A Reply to Makelov et al. (2023)'s "Interpretability Illusion" Arguments
Zhengxuan Wu, Atticus Geiger, Jing Huang, Aryaman Arora, Thomas Icard, Christopher Potts, Noah D. Goodman
TL;DR
The paper challenges Makelov et al.'s claims of interpretability illusions by arguing that distributed subspace interventions reveal legitimate aspects of neural representations, not spurious tricks. It formalizes the illusion concept through a two-component geometry of interventions (nullspace and rowspace) and shows that non-orthogonality between data-induced submanifolds and downstream components makes illusion-like effects inevitable in practice. Through toy examples and critique of IOI/Factual Recall experiments, the authors contend that current evaluation paradigms can misattribute causal structure and that results can reflect artifacts of training or evaluation design.
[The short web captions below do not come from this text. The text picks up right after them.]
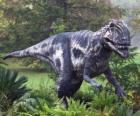 Megalosaurus era un predatore bipede di circa 9 metri di lunghezza e circa una tonnellata di peso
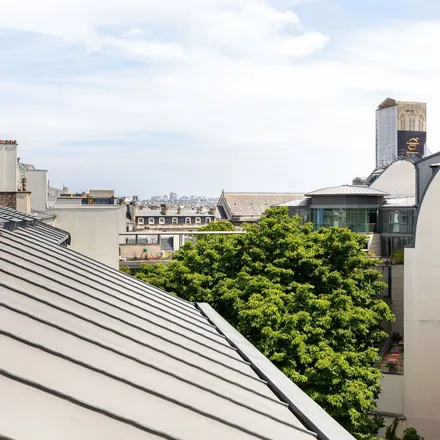 Image 8 - 19 Rue d'Athènes, 75009 Paris, France - Apartment for rent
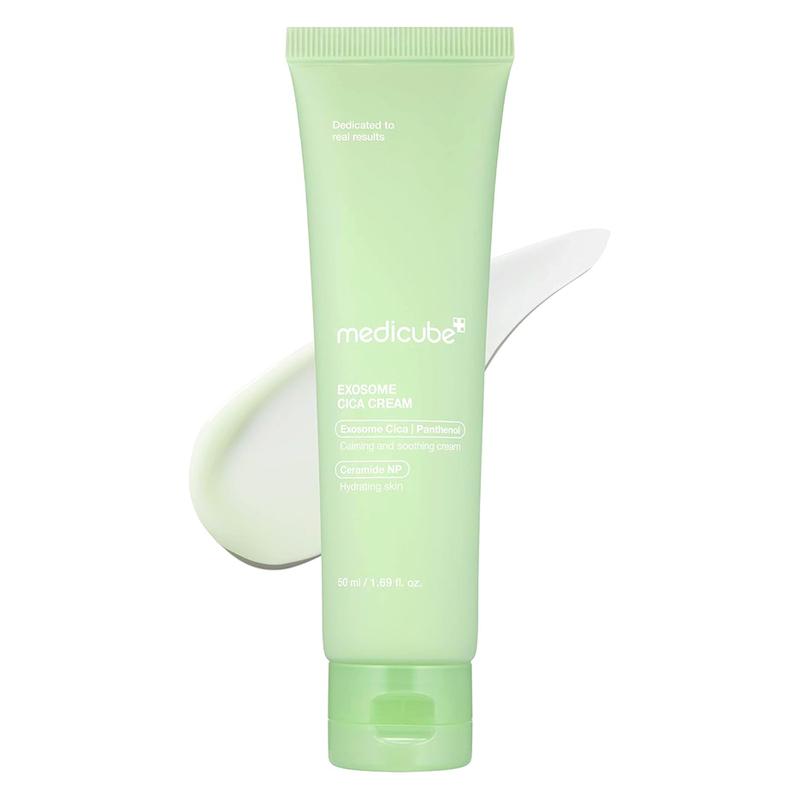 کرم سیکا ترمیم‌ کننده مدیکیوب Medicube Exosome Cica Cream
Nevertheless, the work contributes by clarifying the geometry underlying distributed representations, motivating more robust metrics and broader exploration of DAS and Boundless DAS in mechanistic interpretability.
Abstract
We respond to the recent paper by Makelov et al. (2023), which reviews subspace interchange intervention methods like distributed alignment search (DAS; Geiger et al. 2023) and claims that these methods potentially cause "interpretability illusions". We first review Makelov et al. (2023)'s technical notion of what an "interpretability illusion" is, and then we show that even intuitive and desirable explanations can qualify as illusions in this sense. As a result, their method of discovering "illusions" can reject explanations they consider "non-illusory". We then argue that the illusions Makelov et al. (2023) see in practice are artifacts of their training and evaluation paradigms. We close by emphasizing that, though we disagree with their core characterization, Makelov et al. (2023)'s examples and discussion have undoubtedly pushed the field of interpretability forward.